• [WORK REQUEST] Repeat only what runs from the line with "Alfombra para Tienda" through the last line of the data below, both included, keeping every word as it is and leaving out the pictures.

• [SOURCE DATA]
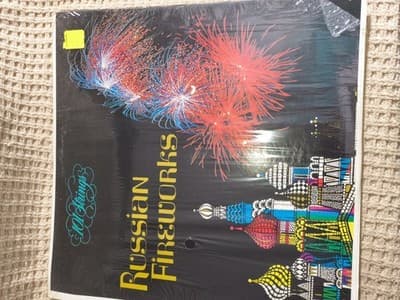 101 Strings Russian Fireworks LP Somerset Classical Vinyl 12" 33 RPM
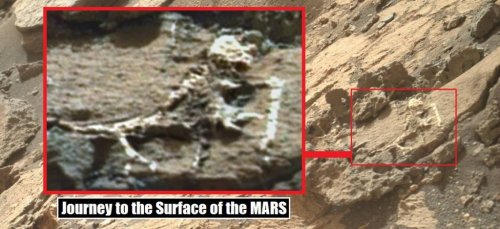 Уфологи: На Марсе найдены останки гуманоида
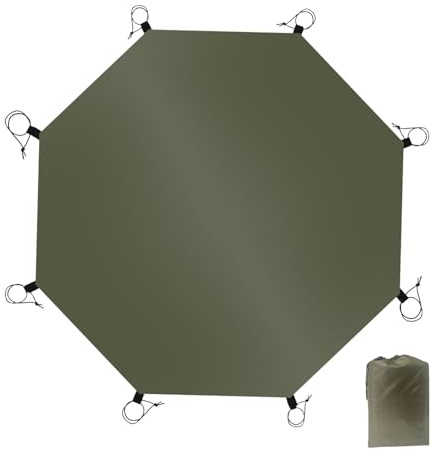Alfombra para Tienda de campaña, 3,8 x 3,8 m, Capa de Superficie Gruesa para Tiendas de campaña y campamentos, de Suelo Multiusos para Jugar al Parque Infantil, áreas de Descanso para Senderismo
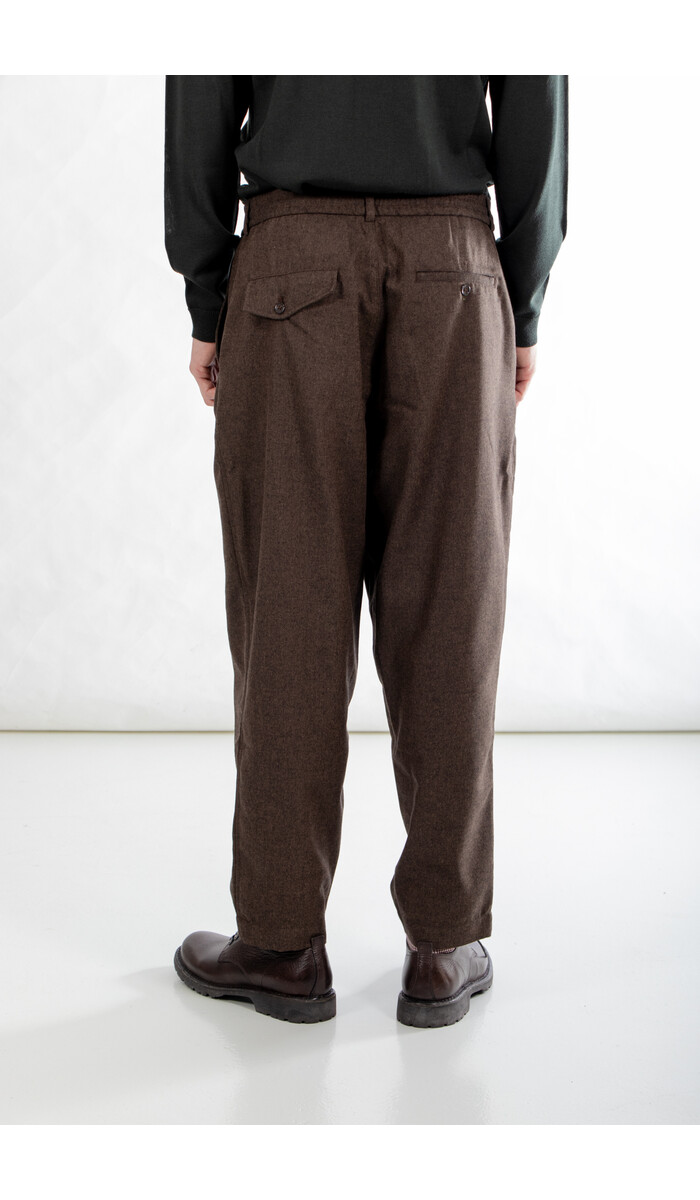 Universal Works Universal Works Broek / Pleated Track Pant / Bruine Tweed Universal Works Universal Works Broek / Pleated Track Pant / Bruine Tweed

• [TASK RESULT]
Alfombra para Tienda de campaña, 3,8 x 3,8 m, Capa de Superficie Gruesa para Tiendas de campaña y campamentos, de Suelo Multiusos para Jugar al Parque Infantil, áreas de Descanso para Senderismo
 Universal Works Universal Works Broek / Pleated Track Pant / Bruine Tweed Universal Works Universal Works Broek / Pleated Track Pant / Bruine Tweed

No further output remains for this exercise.